Evolution of weighted mean *K_h*with tension available in OTIM-DB, sorted by the tension range the data was spanning. The number of publications from which the data originated is shown between parentheses in the legend. The shaded areas and the error bars represent the weighted standard error of the mean.

Statistical relationships between K_h and methods used¶

Figure 8a confirms that the diameter of the tension disk did not have a systematic impact on the results. The majority of the data were collected starting under dry conditions (large tensions) and subsequently measured under increasingly wet conditions (smaller tensions). Figure 8b illustrates that beginning the experiment under wet conditions is associated with larger water contents and hydraulic conductivities at identical supply tensions.

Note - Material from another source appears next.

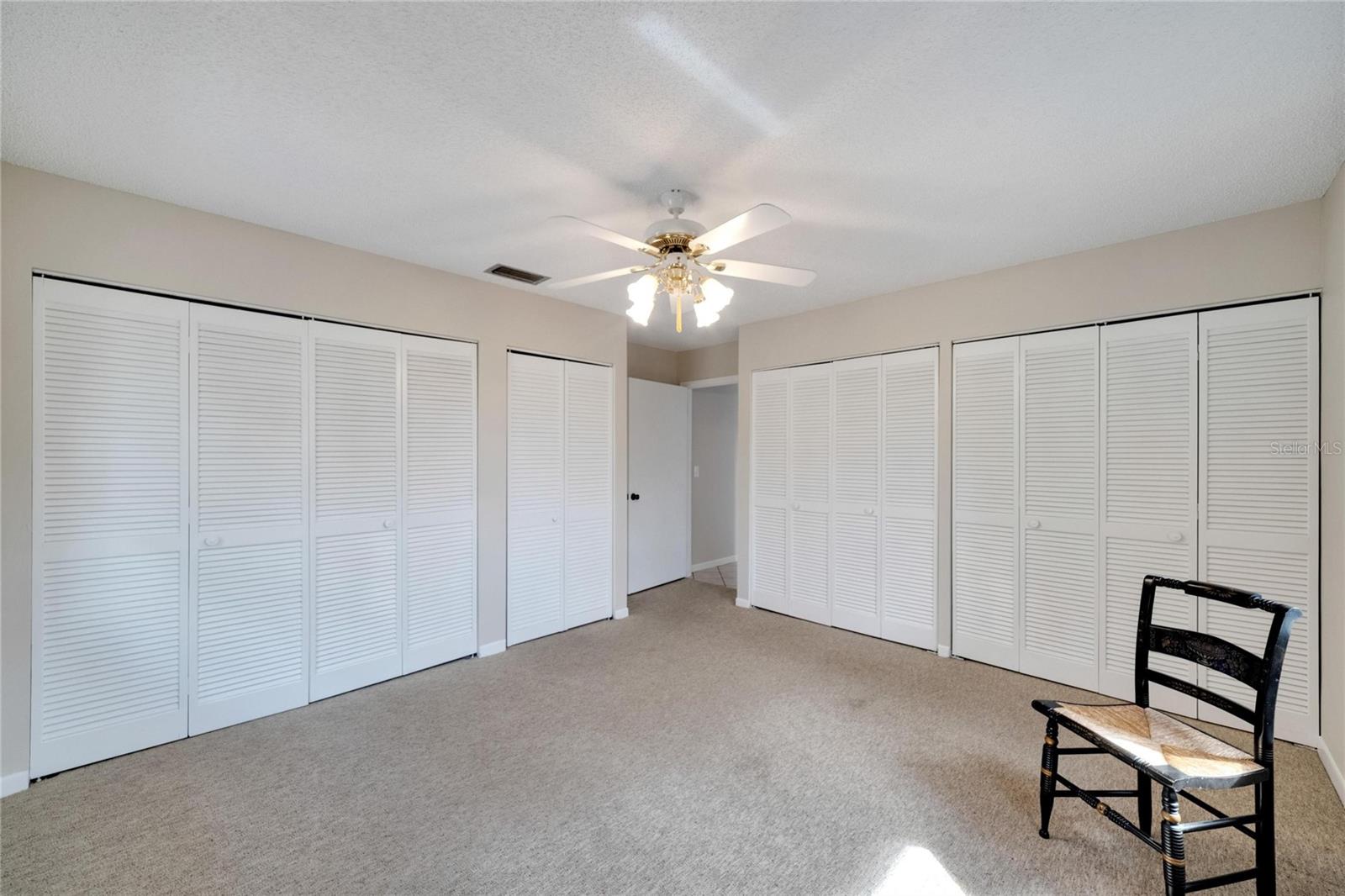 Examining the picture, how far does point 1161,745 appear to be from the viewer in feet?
5.51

This is well known and referred to hysteresis, which is due to ink bottle effects, impacts of water repellency, air entrapment and swelling of clay particles Hillel, 2003. Figure 8c shows that the large majority of studies used the ‘steady-state piecewise’ method to solve the Wooding equation and convert the measured infiltration rates to hydraulic conductivities. This method leads to smaller K_h for larger tensions than the other methods. The ‘transient’ and ‘steady-state constant’ methods yielded larger K_h in the unsaturated range. For the latter method, it is known that it overestimates unsaturated K_hJarvis , 2013. We tested whether excluding data from ‘transient’ and ‘steady-state constant’ methods changed the results of the meta-analyses, but found that they only changed to a minor degree. Data from all methods were therefore included in the following. Note that the ‘transient’ method was mostly applied in conjunction with Mini-Disk Infiltrometers, albeit the respective data is not included in Figure 8 since it does not span the entire suction range.

Evolution of weighted mean *K_h*as a function of applied tension for (a) disk diameter, (b) direction and (c) method of fitting. ‘S.-S.’ stands for ‘steady-state’. More specifically, the method ‘S.-S. constant’ is outlined in Logsdon and Jaynes (1993), ‘S.-S. multi-disc’ in Smettem and Clothier (1989), and ‘S.-S. piece-wise’ in Reynolds and Elrick (1991) or Ankeny (1991) and ‘Transient’ in Zhang (1997) or Vandervaere et al. (2000). The shaded areas and the error bars represent the weighted standard error of the mean.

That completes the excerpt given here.